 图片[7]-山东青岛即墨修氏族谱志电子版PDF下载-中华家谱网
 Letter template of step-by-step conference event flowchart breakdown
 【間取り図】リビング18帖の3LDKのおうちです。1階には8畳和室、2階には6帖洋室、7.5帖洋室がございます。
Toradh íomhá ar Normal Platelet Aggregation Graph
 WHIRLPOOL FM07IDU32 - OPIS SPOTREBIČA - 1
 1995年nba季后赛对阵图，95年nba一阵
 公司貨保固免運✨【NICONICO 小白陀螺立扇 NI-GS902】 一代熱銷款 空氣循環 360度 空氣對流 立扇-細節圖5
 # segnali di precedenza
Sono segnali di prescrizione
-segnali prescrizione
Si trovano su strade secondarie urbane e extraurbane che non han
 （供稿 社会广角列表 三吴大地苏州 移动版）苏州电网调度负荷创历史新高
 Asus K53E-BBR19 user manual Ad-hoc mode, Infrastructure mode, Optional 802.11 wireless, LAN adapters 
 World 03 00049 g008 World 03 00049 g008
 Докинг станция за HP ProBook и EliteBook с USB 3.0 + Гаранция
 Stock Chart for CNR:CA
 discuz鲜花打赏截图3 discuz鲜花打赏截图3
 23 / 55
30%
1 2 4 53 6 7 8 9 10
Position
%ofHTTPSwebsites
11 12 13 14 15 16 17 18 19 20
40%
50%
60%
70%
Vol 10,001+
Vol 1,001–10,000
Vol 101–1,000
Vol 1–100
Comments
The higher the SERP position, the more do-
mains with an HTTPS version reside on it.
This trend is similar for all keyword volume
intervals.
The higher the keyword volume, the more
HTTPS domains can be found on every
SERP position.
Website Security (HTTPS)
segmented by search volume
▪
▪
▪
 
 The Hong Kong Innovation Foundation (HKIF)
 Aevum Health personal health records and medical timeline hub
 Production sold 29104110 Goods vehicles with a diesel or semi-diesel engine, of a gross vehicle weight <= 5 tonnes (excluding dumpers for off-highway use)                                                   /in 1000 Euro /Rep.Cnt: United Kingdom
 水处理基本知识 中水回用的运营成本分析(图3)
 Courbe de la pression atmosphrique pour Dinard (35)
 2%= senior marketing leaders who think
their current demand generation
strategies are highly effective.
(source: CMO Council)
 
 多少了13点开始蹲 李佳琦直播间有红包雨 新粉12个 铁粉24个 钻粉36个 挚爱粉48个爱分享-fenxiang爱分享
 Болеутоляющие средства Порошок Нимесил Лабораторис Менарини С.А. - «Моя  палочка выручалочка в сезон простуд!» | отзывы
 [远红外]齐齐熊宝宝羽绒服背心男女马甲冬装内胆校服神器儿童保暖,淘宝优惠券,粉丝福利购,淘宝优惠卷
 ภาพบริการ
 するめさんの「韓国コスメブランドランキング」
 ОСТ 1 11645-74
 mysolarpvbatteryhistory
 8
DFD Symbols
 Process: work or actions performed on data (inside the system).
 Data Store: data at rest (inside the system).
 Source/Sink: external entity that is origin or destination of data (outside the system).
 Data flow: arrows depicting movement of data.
══════════
Within the listing above, extract exactly the lines from the line with "discuz鲜花打赏截图3 discuz鲜花打赏截图3" to the line with "(source: CMO Council)", the two named lines included, and no others.

 discuz鲜花打赏截图3 discuz鲜花打赏截图3
 23 / 55
30%
1 2 4 53 6 7 8 9 10
Position
%ofHTTPSwebsites
11 12 13 14 15 16 17 18 19 20
40%
50%
60%
70%
Vol 10,001+
Vol 1,001–10,000
Vol 101–1,000
Vol 1–100
Comments
The higher the SERP position, the more do-
mains with an HTTPS version reside on it.
This trend is similar for all keyword volume
intervals.
The higher the keyword volume, the more
HTTPS domains can be found on every
SERP position.
Website Security (HTTPS)
segmented by search volume
▪
▪
▪
 
 The Hong Kong Innovation Foundation (HKIF)
 Aevum Health personal health records and medical timeline hub
 Production sold 29104110 Goods vehicles with a diesel or semi-diesel engine, of a gross vehicle weight <= 5 tonnes (excluding dumpers for off-highway use)                                                   /in 1000 Euro /Rep.Cnt: United Kingdom
 水处理基本知识 中水回用的运营成本分析(图3)
 Courbe de la pression atmosphrique pour Dinard (35)
 2%= senior marketing leaders who think
their current demand generation
strategies are highly effective.
(source: CMO Council)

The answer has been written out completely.